Я тебя не вынашиваю, - не морской конек.

И не сторож тебе.

Я, как яму воздушную, ношу тебя,

и в тебе - еще одну.

Не в себе. Ну а кто в себе? Не душа ведь.

Греешь, теплишь в руках, словно карты таро,

перед тем как раскладывать... Собственно,

этим все и кончается, то есть то, что до

этого - жизнь, а потом -

дай-то боже с собой сродниться

перевернутым.

Эта бабушка-озеро делит надвое

город. Город Цюрих. Zwei Reich. То есть на два рейха.

По ту сторону - римский берег, а здесь - рука

крошит мякиш в воду, танец маленьких,

переплетенных вверх ногами в балетках алых.

А над озером в небе след, белый, уходящий ввысь

и расщепленный тоже надвое. Самолет? Так нет

его. Только след, и висит не двигаясь. И потом,

даже если и самолет, почему ввысь под прямым углом,

и висит не двигаясь, виден только этот пинцет

высоко над озером, а кто держит его, не видно.

Может, все-таки самолет? Им, швейцарцам, куда -

не вдаль ведь лететь: до границы - минута лету.

Вся страна - как ушко игольное. Вот и шьют они

вверх и вниз нитью сдвоенной, вертикальные ВВС.

Или это верблюды белые, местные мафусаилы

со складывающимися в горб крыльями?

Третьего дня было полное затменье луны:

небо, если этот зловещий войлок

назвать небом, было надето на голову

как валенок, и тишь - как до сотворенья ушей.

Так вот с каким материалом Ему пришлось

дело иметь в первый или с первого на второй

день; как водило Его, видать, с этой песьей

негнущейся войлочной головой!

А меж нами - что? - тот же день,

тот же войлок: между мной

и собой - как затменье, как ты, как земля

между нами, и жизнь короче ее головы поворота

через плечо.

Как заслонка в печи,

защелкнутая на щеколду; пляши, обливаясь

огнем, оседая, а ты у окна, за окном,

скарабей, ты по небу катаешь свой дом

кверху пятками, вниз головой.

Всё не так,

табунки слов стреноженных хлещут себя

по бокам, отбиваясь от демонов.

А у цветов

нет хвостов; веточка, веерок в руке,

отведенной в сторону, и запекшиеся глаза.

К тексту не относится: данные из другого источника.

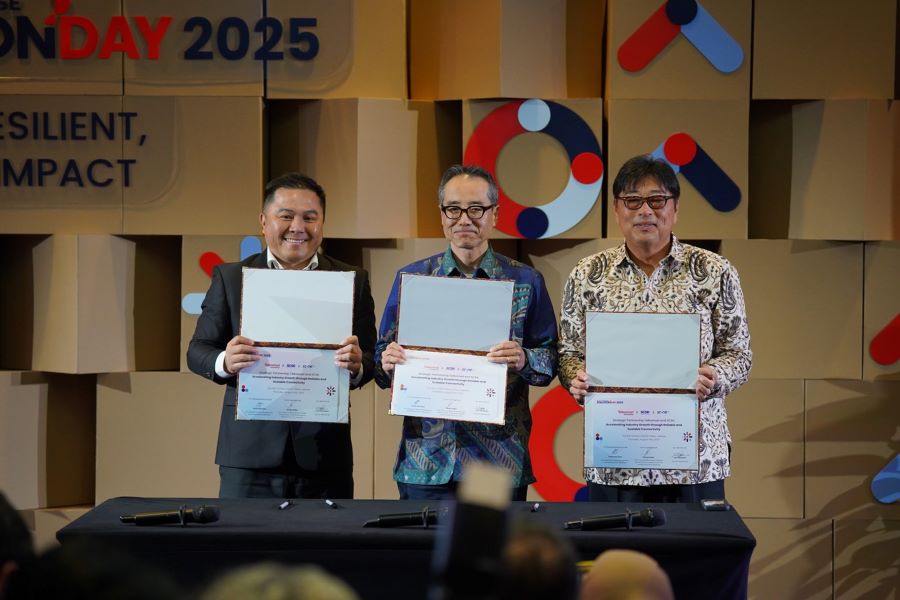 Telkomsel Solution Day 2025-8_A & B: Telkomsel menandatangani Nota Kesepahaman (MoU) dengan sejumlah mitra strategis di Solution Day 2025, memperkuat kolaborasi lintas sektor industri.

Он садится у озера, свесив ноги с пустынного

парапета, кормит белых, тараторящих липким

целлулоидным цокающим китайским.

За его плечом, в кусте барбариса, баба голая,

вырубленная из гранита, меж ветвей глядит

вдаль над озером, руки скрещены на груди,

за спиной у нее вязанка то ли хвороста,

то ли змей, то ли рук, то ли скульптор-суккуб...

Ты (он вздрогнул, поймавши себя на том,

что давно глядит в этот ноль, чуть подернутый

тонким ледком, в этот глаз лебединый,

покачивающийся у его лица, и подумал:

у смерти, наверно, такой же, и маленькая

белая голова с этим сплющенным алым

ороговевшим ртом)... Ты, говорю,

и лишь круги в зеркалах расходятся от тебя,

а меж зеркалами дверей вереницы -

распахнутых, запертых, полуприкрытых;

смех из одной доносится - детский, старческий -

из другой. Из каких же миров ты соткана?

Тверже камня, воды текучей, девочка-ветер

в женщине-пепле.

Ты, говорю, и губы мои

внутрь подворачиваются,

будто выкачан воздух - весь, из всего.